Stochastic Momentum Methods for Non-smooth Non-Convex Finite-Sum Coupled Compositional Optimization¶

Conference: NeurIPS2025 arXiv: 2506.02504 Authors: Xingyu Chen, Bokun Wang, Ming Yang, Qihang Lin, Tianbao Yang (Texas A&M, Iowa) Code: To be confirmed Area: Optimization Keywords: FCCO, non-smooth non-convex optimization, stochastic momentum methods, Moreau envelope, constrained optimization, compositional optimization

TL;DR¶

For non-smooth non-convex finite-sum coupled compositional optimization (FCCO), this paper proposes two stochastic momentum methods — SONEX (single-loop) and ALEXR2 (double-loop) — that improve the iteration complexity from $O(1/\epsilon^6)$ to $O(1/\epsilon^5)$ via outer Moreau envelope smoothing and nested smoothing techniques, and achieve the same optimal complexity for non-convex inequality-constrained optimization.

Background & Motivation¶

The finite-sum coupled compositional optimization (FCCO) problem takes the form: $$\min_{\mathbf{w}} F(\mathbf{w}) := \frac{1}{n}\sum_{i=1}^n f_i(g_i(\mathbf{w}))$$

where $f_i$ are outer functions (possibly non-smooth) and $g_i$ are inner functions (stochastically estimated).

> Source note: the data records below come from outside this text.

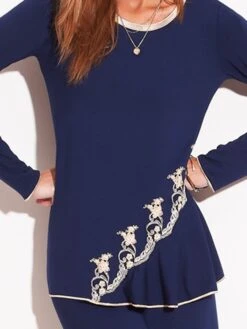 Modal Pyjama BLU No.3 Dunkelblau Von Chiara Fiorini -Amoena Verkaufs-Shop modal pyjama g0603 marineblau chiara fiorini 2 2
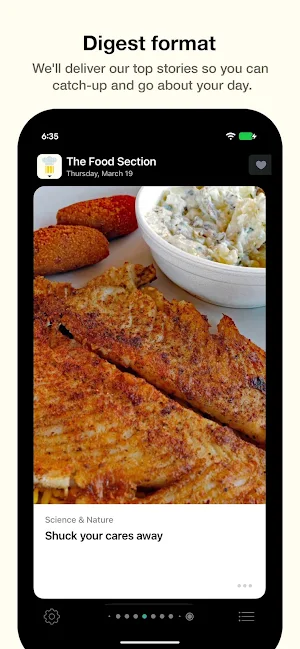 The Food Section Screenshot 0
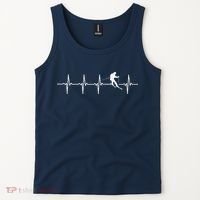 Skiing sport funny Ski Heartbeat gift for skiers Tank Top thumb 2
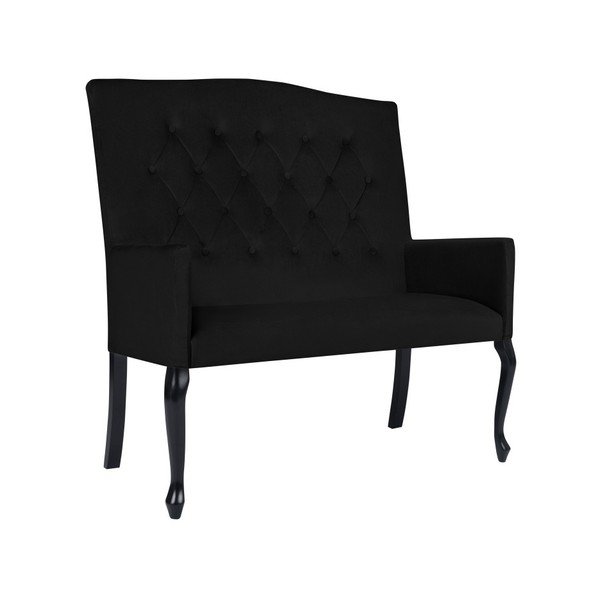 Canapea cu două locuri Micadoni Home Giuseppe, negru-image-4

This formulation arises broadly in X-risk optimization (AUC, contrastive losses), group distributionally robust optimization (GDRO), and non-convex constrained optimization.

Prior methods suffer from two key limitations: - High complexity: The previous state-of-the-art method SONX requires $O(1/\epsilon^6)$ iterations under the mean Lipschitz continuity assumption on the stochastic inner function mean. - Incompatibility with deep learning: SONX relies on vanilla SGD updates and lacks momentum mechanisms, making it unsuitable for training deep neural networks.

This paper aims to address both issues simultaneously: designing stochastic momentum methods with provable convergence guarantees while reducing complexity by an order of magnitude.

Method¶

Mechanism: Outer Smoothing + Nested Smoothing¶

Outer Smoothing: The non-smooth outer function $f_i$ is smoothed via the Moreau envelope: $$f_{i,\lambda}(\mathbf{u}) := \min_{\mathbf{v}} f_i(\mathbf{v}) + \frac{1}{2\lambda}\|\mathbf{u} - \mathbf{v}\|^2$$

This transforms the original problem into a smooth compositional objective $\min_{\mathbf{w}} F_\lambda(\mathbf{w}) = \frac{1}{n}\sum_{i=1}^n f_{i,\lambda}(g_i(\mathbf{w}))$. When $\lambda = \epsilon / C_f$, an $\epsilon$-stationary point of $F_\lambda$ is an approximate $\epsilon$-stationary solution of the original problem (Theorem 4.2).

Nested Smoothing: When the inner function $g_i$ is also non-smooth (weakly convex), a second Moreau envelope is applied to $F_\lambda$, yielding the doubly smoothed objective $\min_{\mathbf{w}} F_{\lambda,\nu}(\mathbf{w})$, which is amenable to momentum-based methods.

Algorithm 1: SONEX (Single-Loop, Smooth Inner Functions)¶

Applicable when: $f_i$ is weakly convex and non-smooth or convex; $g_i$ is smooth.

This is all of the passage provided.